Tuesday, 22 July 2025

The Change Continues II

Brain Wave, 17.

I tried to write that previous post while listening to an on-line interview about current world changes and it became very confusing.

Brian O'Banion, an Irish former New York policeman, now speaks Unitary. In the current local Dukes Playhouse dramatization of The Wizard Of Oz, Dorothy has a language problem on first meeting the Munchkins. One of them asks her, "Kion lingvon vi parolas?" They soon establish that she speaks English and they switch to this although they continue to insert some Esperanto, like "Sekvu la flavan brikan vojon" for "Follow the yellow brick road." During the interval, I approached a Munchkin and said, "Cu vi parolas Esperanton? Gi estas tre facila lingvo," and left him with "Kaj al vi, kamarado!" (Which was about as much as I could manage.) I have gone off the point, haven't I?

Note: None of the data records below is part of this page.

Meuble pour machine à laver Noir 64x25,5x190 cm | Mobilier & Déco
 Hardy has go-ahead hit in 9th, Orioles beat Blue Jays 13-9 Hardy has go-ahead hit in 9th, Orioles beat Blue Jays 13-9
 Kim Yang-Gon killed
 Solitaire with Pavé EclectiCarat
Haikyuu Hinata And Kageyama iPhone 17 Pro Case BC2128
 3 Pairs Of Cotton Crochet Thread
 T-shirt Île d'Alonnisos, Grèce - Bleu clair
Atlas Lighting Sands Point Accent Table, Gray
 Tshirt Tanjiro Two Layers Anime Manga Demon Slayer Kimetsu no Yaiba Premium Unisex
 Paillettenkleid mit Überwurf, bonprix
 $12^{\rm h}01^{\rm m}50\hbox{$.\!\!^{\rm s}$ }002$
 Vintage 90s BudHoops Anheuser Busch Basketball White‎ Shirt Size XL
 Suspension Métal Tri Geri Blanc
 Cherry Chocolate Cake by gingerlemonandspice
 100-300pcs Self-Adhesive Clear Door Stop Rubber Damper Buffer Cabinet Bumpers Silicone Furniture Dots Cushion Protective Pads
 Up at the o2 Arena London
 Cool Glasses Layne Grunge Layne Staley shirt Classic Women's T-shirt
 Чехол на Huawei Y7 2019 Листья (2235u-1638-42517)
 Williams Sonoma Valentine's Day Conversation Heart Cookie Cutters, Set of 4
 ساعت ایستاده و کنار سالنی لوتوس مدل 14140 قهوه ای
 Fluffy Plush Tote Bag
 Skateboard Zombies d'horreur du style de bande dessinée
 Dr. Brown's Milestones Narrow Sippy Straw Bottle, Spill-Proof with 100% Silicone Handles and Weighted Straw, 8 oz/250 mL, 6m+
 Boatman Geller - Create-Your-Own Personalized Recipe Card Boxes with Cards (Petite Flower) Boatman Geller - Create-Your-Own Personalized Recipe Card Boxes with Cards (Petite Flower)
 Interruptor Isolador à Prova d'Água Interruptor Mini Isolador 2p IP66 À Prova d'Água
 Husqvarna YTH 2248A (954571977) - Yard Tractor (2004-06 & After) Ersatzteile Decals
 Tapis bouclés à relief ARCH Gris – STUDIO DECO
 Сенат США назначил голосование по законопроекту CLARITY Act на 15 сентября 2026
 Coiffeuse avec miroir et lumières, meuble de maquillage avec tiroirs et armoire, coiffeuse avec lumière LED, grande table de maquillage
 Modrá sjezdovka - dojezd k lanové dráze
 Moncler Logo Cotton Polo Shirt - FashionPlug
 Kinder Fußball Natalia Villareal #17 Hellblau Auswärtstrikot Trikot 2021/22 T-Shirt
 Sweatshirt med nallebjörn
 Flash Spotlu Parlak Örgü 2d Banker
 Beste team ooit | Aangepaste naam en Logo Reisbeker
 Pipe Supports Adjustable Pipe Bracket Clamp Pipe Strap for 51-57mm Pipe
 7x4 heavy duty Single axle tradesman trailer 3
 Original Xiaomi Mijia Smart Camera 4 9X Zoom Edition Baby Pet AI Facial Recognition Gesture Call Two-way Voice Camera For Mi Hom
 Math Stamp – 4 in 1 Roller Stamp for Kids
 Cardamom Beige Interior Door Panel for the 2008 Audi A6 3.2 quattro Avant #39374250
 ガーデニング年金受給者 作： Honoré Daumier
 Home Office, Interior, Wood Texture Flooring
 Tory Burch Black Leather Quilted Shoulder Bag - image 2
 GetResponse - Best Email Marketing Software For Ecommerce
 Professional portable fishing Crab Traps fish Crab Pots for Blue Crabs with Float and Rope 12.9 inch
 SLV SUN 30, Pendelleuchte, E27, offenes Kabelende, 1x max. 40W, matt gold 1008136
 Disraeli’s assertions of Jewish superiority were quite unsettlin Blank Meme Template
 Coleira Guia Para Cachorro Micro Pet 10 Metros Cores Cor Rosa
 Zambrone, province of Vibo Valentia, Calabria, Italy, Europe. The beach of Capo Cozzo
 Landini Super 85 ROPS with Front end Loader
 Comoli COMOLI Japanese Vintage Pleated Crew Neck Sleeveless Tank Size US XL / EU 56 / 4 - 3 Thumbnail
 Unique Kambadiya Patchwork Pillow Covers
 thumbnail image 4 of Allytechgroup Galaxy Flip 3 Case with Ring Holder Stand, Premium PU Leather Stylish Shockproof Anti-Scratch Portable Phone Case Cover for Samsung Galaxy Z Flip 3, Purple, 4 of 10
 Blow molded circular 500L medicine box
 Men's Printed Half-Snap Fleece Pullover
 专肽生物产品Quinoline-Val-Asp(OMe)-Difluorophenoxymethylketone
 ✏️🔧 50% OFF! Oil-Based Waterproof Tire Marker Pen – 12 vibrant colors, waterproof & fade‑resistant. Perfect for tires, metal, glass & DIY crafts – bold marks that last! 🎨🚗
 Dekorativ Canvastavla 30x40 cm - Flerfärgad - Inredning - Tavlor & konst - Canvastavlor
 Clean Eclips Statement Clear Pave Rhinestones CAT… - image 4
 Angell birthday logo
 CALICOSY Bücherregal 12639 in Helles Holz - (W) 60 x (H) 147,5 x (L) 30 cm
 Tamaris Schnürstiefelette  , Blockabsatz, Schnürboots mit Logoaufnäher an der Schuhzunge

O'Banion is an Observer, a role invented by Mendelbaum although probably soon to be adopted by the international government. Administrators need to know what people are thinking and saying so that they can then know what needs to be done. The feeble-minded need to be guided to their new colonies. Someone acting anonymously is buying or at least somehow acquiring scientific equipment and secreting it somewhere. This has to be investigated.

8 comments:

Sean M. Brooks said...

Kaor, Paul!

The most authentic source, of course, would be to read Baum's THE WONDERFUL WIZARD OF OZ to find out if Dorothy had that kind of language problem and how it was handled.

Ad astra! Sean

paulshackley2017@gmail.com said...

Sean,

She didn't! It wasn't!

Paul.

Sean M. Brooks said...

Kaor, Paul!

Then that play you watched perpetrated an uncanonical alteration of what Baum wrote--which I disapprove of.

Ad astra! Sean

paulshackley2017@gmail.com said...

Sure but stage and screen dramatizations do that all the time.

Sean M. Brooks said...

Kaor, Paul!

I know, but I don't like it. I'm esp. outraged by how Tolkien's THE HOBBIT and THE LORD OF THE RINGS were mauled, brutalized, mutilated, botched, etc., in the films.

Ad astra! Sean

S.M. Stirling said...

Fiction involving travel usually skates around language issues. Frex, if you went back more than about 400 years, you'd have trouble understanding English, or being understood.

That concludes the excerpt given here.